Pea aphid and M. truncatula performance
Plants of Mt genotypes, M. sativa and V. faba were each infested with five (1–2-day-old) nymphs of one of the eight pea aphid clones, and enclosed in a perforated plastic bag. For each aphid clone, ten replicate plants of each host genotype were used. After 8 days, the number of adult aphids surviving and the number of nymphs produced by surviving adults were counted on each plant. Infested plants were also assessed for presence or absence of visual phenotypic symptoms especially chlorosis (pale, yellow or yellow-white leaves, interveinal yellowing of leaves) and necrosis (brownish or whitish spots or patches on the leaves) after 8 days. Data were recorded as presence/absence of symptoms for each plant. As aphid positions on plants were not controlled, no analysis of local versus systemic host responses was attempted.
Mean relative growth rate (MRGR)
Nymphs aged 3–4 days were individually weighed on a microbalance (Mettler-Toledo MX5) before each was placed onto the youngest, fully expanded trifoliate leaf of a 3-week-old plant. One aphid was placed per plant to allow individual growth rates to be calculated. Twenty replicates of each plant genotype were used for each aphid clone. The weights of all surviving aphids were measured again 3 days later, and numbers surviving were noted. The MRGR was calculated using the following formula (Radford, Reference Radford1967; Leather & Dixon, Reference Leather and Dixon1984):
$${\rm MRGR = (log}W_{{\rm final}} - {\rm log}W_{{\rm original}} )/(t_2 - t_1 ),$$
where W original is the weight at time t 1 and W final is the weight at t 2, t 1 is the time of initial measurement; t 2 is the time of final measurement, in this case 3 days later.
Statistical analysis
Hierarchical bi-clustering analysis was applied to datasets for survival, reproduction, chlorosis and necrosis, using the Statistixl 1.9 Add-in package within Excel. The aim was to provide visualizations of these complex datasets, and to enable interpretations of data beyond that achievable from univariate ANOVA and multiple pairwise correlation approaches. Groupings of performance and phenotypic data can potentially be used to infer genotypic relationships among aphid or host types. Reproduction data had a significantly skewed distribution and values were square root transformed prior to clustering in order to generate more equalized variances. Chlorosis and necrosis % values were arcsin square root transformed for clustering. Pearson R pairwise correlation matrices are given for all datasets in Supplementary tables S1–S3, except for host genotype correlations for chlorosis and necrosis, where several asymptomatic genotypes precluded calculation of a complete matrix. Distance metrics and clustering routines were selected on basis of the maximal cophenetic correlations between the dendrogram distances and the original unmodelled pairwise data correlations (Supplementary table S4). For survival data, the Euclidean distance metric and the Lance & Williams flexible clustering method were applied with combinatorial variables α1=α2=0.625; β=−0.25; γ=0. For all other datasets, the squared Euclidean distance was applied with clustering by Ward's minimum variance method (Everitt, Reference Everitt1980). Relationships between aphid survival and host phenotypic responses were assessed from Pearson's correlation coefficients on arcsin square-root transformed data (Supplementary table S5). Analysis of MRGR was done by two-way ANOVA in Graphpad Prism 5.0 (Supplementary table S6). Significance comparisons were done using Tukey's post-hoc test.
Results
Species-wide virulence and resistance relationships
Based on the different sites and host species from which the aphid clones were originally collected, and the wide range of host germplasm, we predicted substantial diversity in aphid–host compatibility responses across the 200 combinations tested. In addition to 23 Mt genotypes, we included the close relative M. sativa from which several of the aphid clones were collected, and also the universal pea aphid host, V. faba. ANOVA indicates that most of the variation in aphid performance is associated with aphid and host genotypes and with genotype × genotype interactions (table 3)

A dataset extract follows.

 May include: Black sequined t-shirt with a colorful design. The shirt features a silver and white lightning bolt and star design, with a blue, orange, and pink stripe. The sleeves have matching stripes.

Table 3. Two-way ANOVA summary for the four measured variables: survival, reproduction, chlorosis and necrosis.
Bi-clustering analysis was applied to survival and reproduction datasets (fig. 1; Supplementary figs S1–S6). The clustering dendrograms and associated heatmaps enabled visualization of overall virulence trends across the set of aphid clones, and overall resistance/susceptibility across the host genotypes. Many groupings and patterns were evident, ranging from highly virulent aphids on almost all hosts, to clones that were compatible with only a few host genotypes. Similarly, some Medicago hosts were almost as susceptible as the V. faba compatible control, whereas others exhibited strong resistance to the majority of aphid clones. In the survival analysis (fig. 1A), seven host clusters were identified. Clusters 1 and 2 displayed clone-specific resistance to JF01/29 and PS01, respectively, but were susceptible to most other clones. Cluster 3 uniquely showed susceptibility to N127. Cluster 4 was susceptible to most clones, whereas Cluster 5 displayed resistance to all except LL01 and N116. Reproduction data (fig. 1B) grouped into three major host clusters: Cluster 2 showed strong resistance to most clones, whereas Cluster 3 was highly susceptible. Cluster 1 was more diverse, indicative of multiple genotype × genotype interactions, manifest as clone-specific resistance. Complete resistance was found only on one host, DZA012-J, due to a failure to reproduce across all pea aphid clones.
Fig. 1. Survival and clonal reproduction of pea aphid clones on a range of Medicago genotypes. Data presented as bi-clustering analyses with aphid clones as columns and host genotypes as rows. (A) Values are mean adult survival at 8 days after infestation with five nymphs per plant; heatmap scaling is from 0% survival (pale yellow) to 100% (red); (B) number of new nymphs produced after 8 days, shown as square-root values, used in clustering procedure. Actual mean numbers per plant ranged from 0 (pale yellow) to 100 (red). Host genotypes sharing same numbers in first column represent clusters with similar resistance/susceptibility profiles. Vicia faba was included as a universally susceptible control. Mt genotypes highlighted capitalized in different colours represent resistant–susceptible pairs of lines reported in response to Australian pea aphid biotypes. N=10 plants per aphid clone, with five aphids per plant.
Clone N127 was the least virulent overall, being moderately successful only on two host lines (R108-C and TN8.3; fig. 1). At the other end of the spectrum, clones LL01 and N116 were clearly the most virulent, with reduced survival (<60%) found on only two host genotypes for each clone (fig. 1A, Clusters 6 and 7, respectively), and reduced reproduction on a slightly wider range of hosts mostly within Cluster 2 in fig. 1B. Although LL01 and N116 have strong similarities, they do have contrasting performance on certain Mt genotypes. Likewise, other pairs of pea aphid clones could be differentiated by their performance on one or more Medicago genotype. The unique performance profiles are consistent with molecular genotyping data (J.-C. Simon, personal communication) showing that clones are genetically differentiated and can be classified into different species-level biotypes (table 1).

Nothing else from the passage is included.